• [WHAT YOU SHOULD DO] Set down a faithful copy of every record below, with no images.

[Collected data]
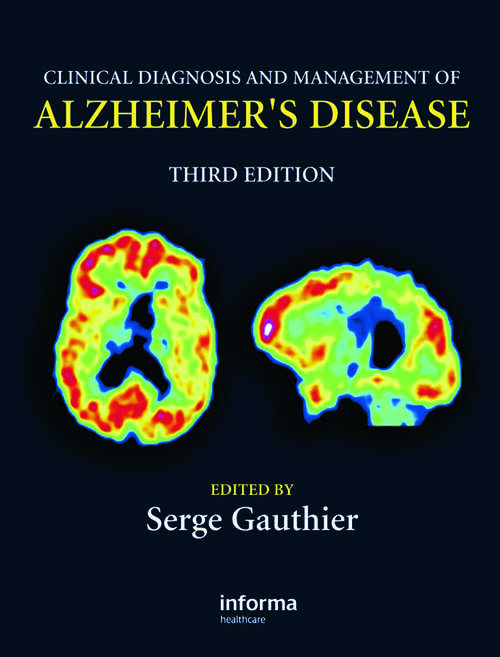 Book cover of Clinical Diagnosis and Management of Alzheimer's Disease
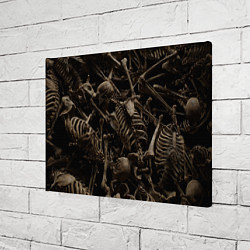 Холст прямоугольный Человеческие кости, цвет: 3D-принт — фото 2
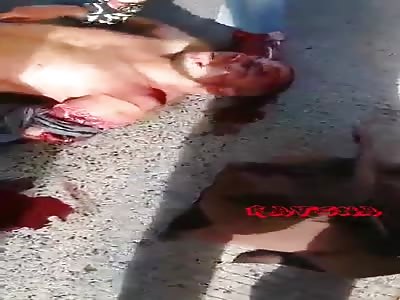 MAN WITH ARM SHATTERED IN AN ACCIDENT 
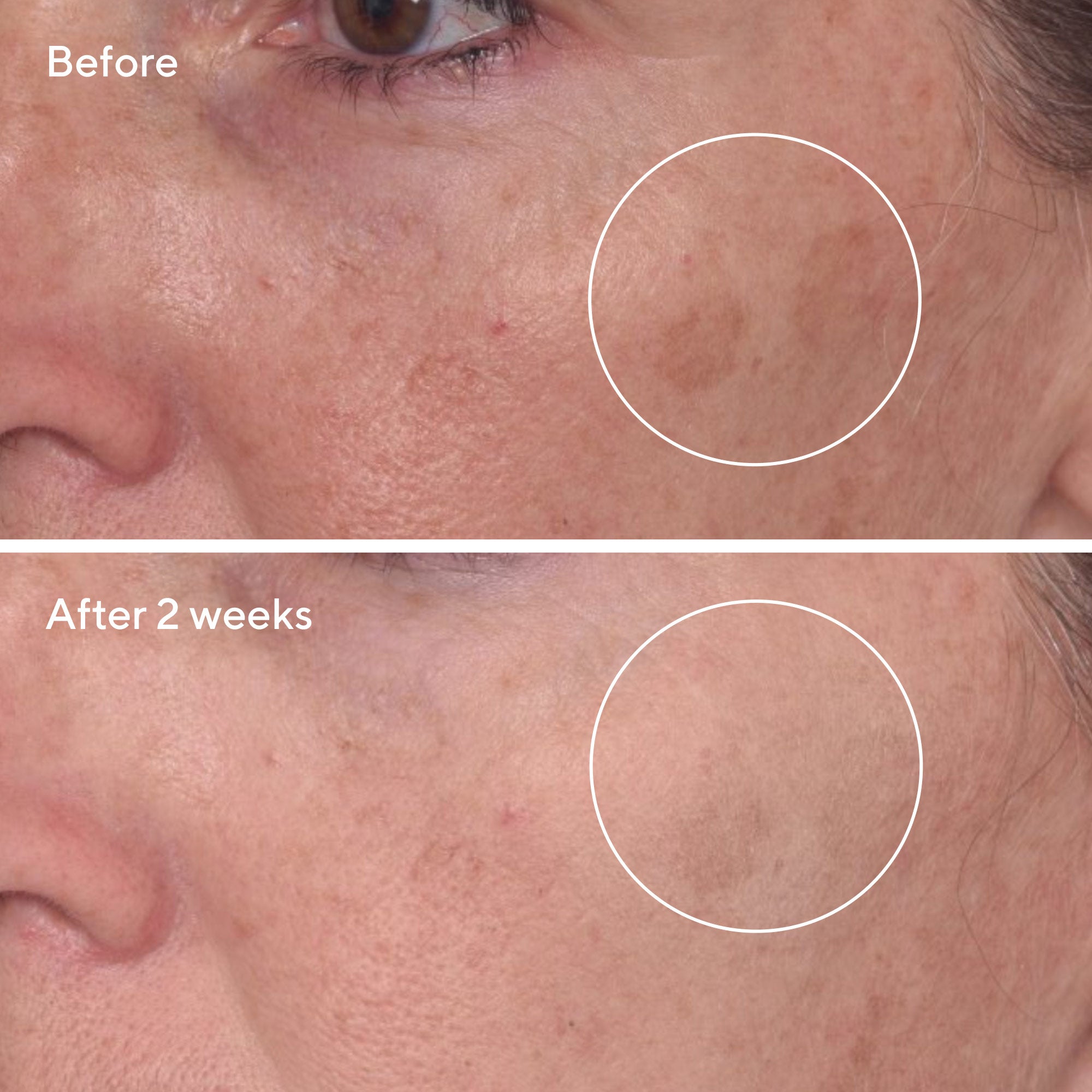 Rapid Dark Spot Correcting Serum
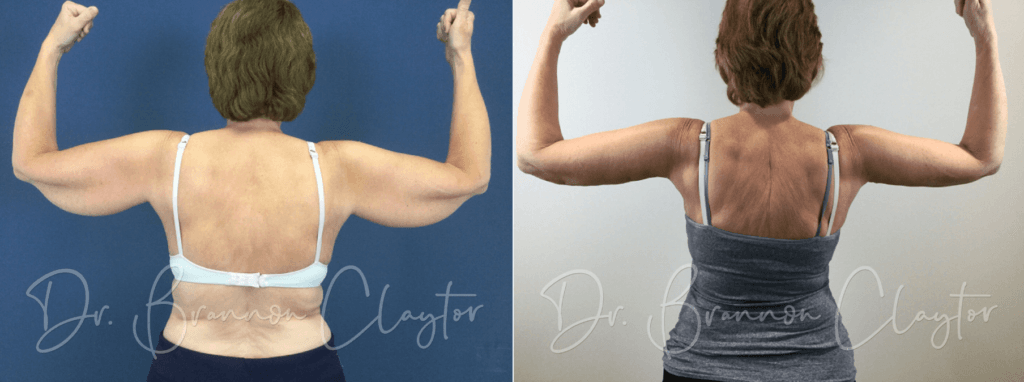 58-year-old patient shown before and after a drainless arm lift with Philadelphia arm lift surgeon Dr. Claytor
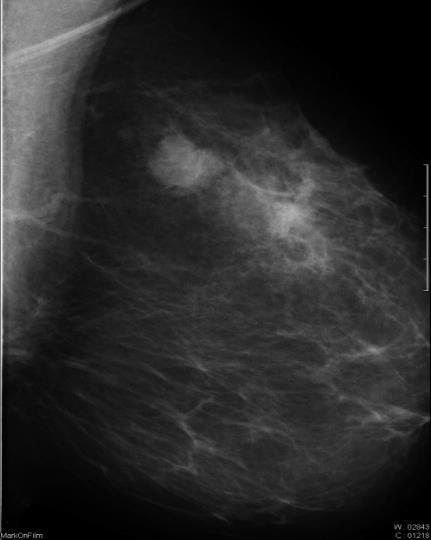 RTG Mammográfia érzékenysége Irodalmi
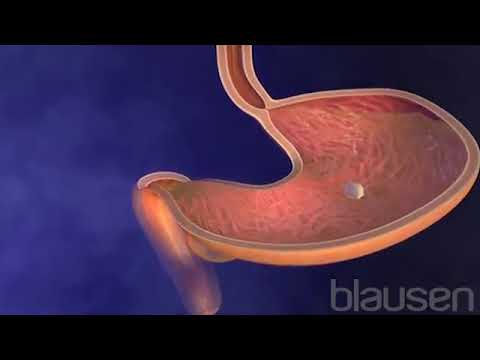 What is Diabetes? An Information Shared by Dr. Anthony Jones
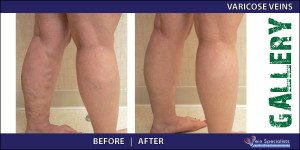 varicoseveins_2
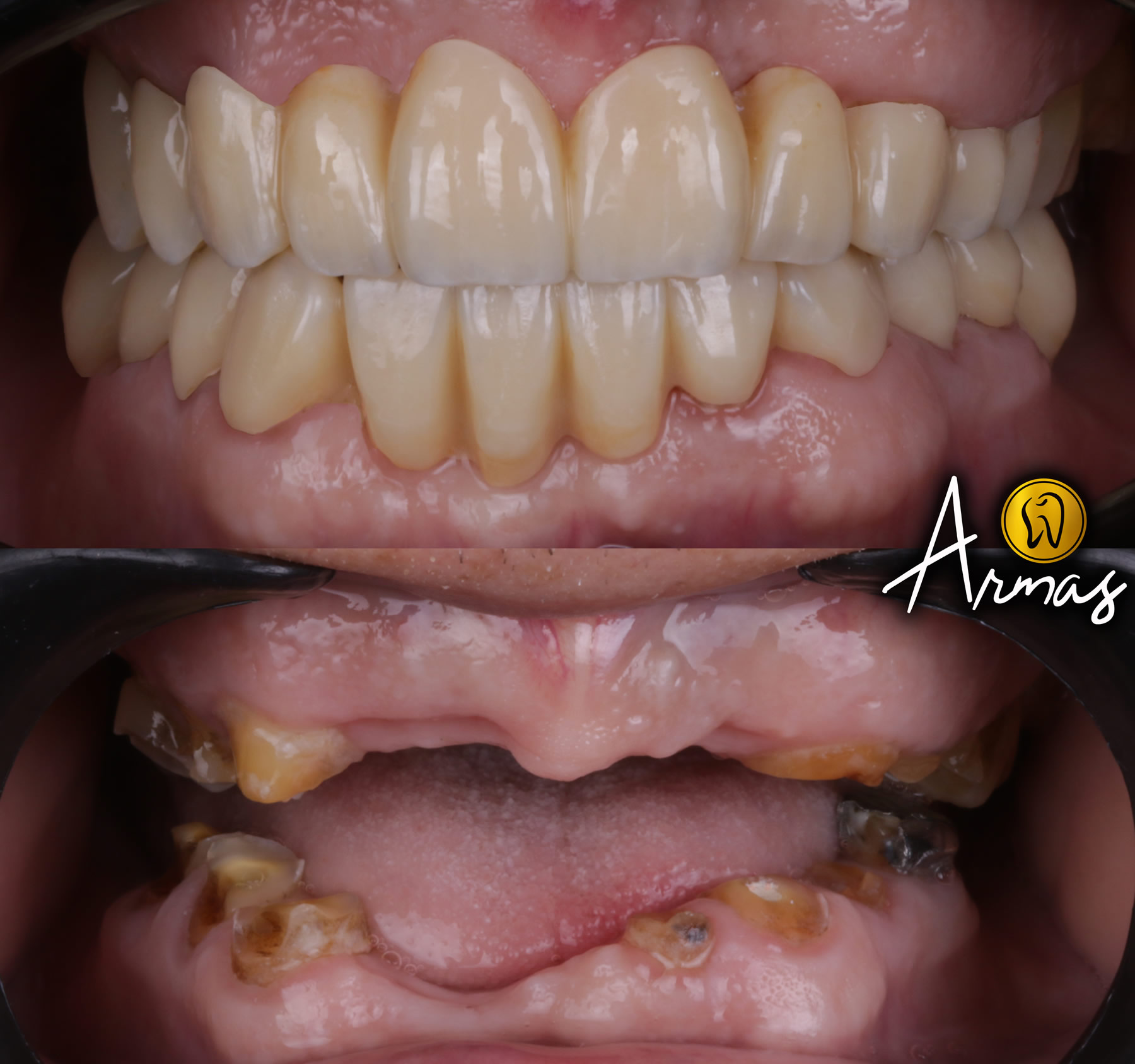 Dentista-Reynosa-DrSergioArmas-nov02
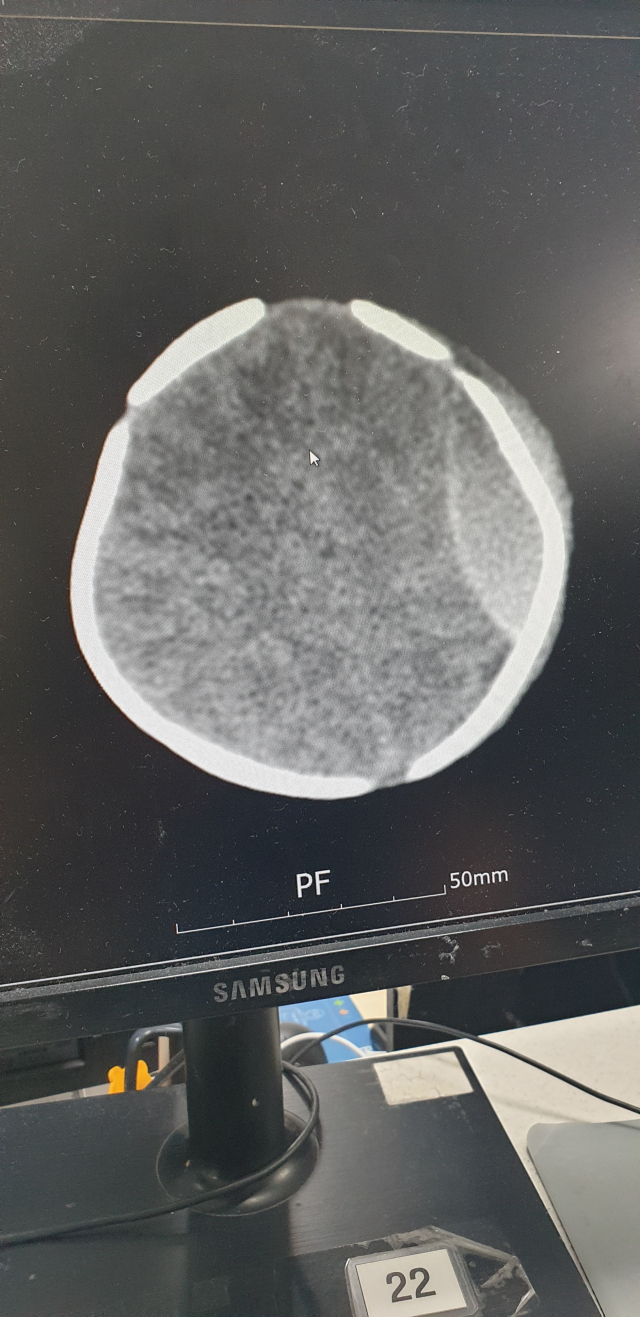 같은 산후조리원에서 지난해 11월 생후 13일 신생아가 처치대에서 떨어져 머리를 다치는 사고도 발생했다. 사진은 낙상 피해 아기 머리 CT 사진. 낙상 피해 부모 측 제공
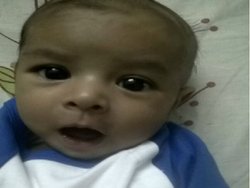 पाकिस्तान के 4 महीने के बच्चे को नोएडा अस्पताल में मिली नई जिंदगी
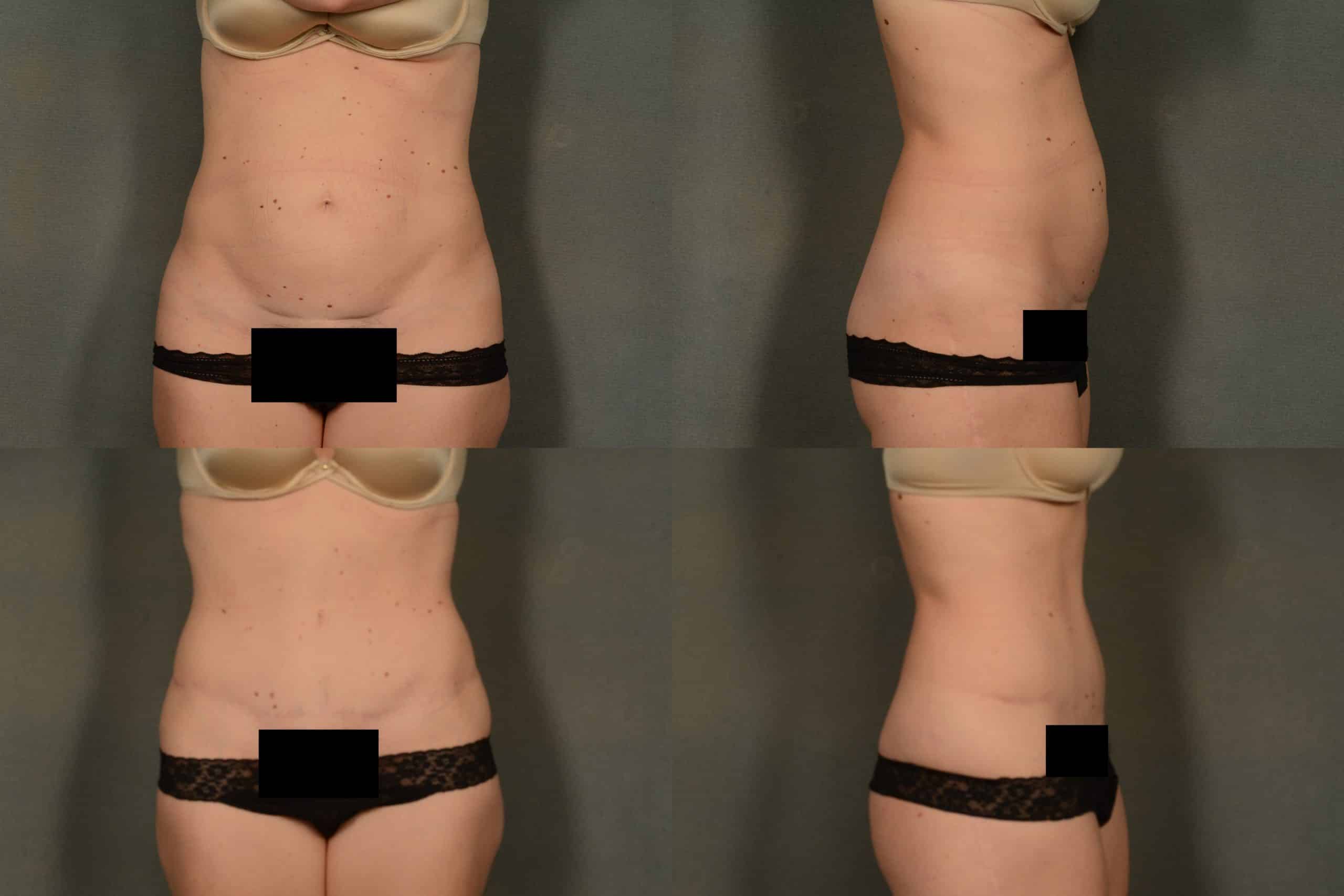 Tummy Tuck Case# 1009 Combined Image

• [RESPONSE BOX]
 Book cover of Clinical Diagnosis and Management of Alzheimer's Disease
 Холст прямоугольный Человеческие кости, цвет: 3D-принт — фото 2
 MAN WITH ARM SHATTERED IN AN ACCIDENT 
 Rapid Dark Spot Correcting Serum
 58-year-old patient shown before and after a drainless arm lift with Philadelphia arm lift surgeon Dr. Claytor
 RTG Mammográfia érzékenysége Irodalmi
 What is Diabetes? An Information Shared by Dr. Anthony Jones
 varicoseveins_2
 Dentista-Reynosa-DrSergioArmas-nov02
 같은 산후조리원에서 지난해 11월 생후 13일 신생아가 처치대에서 떨어져 머리를 다치는 사고도 발생했다. 사진은 낙상 피해 아기 머리 CT 사진. 낙상 피해 부모 측 제공
 पाकिस्तान के 4 महीने के बच्चे को नोएडा अस्पताल में मिली नई जिंदगी
 Tummy Tuck Case# 1009 Combined Image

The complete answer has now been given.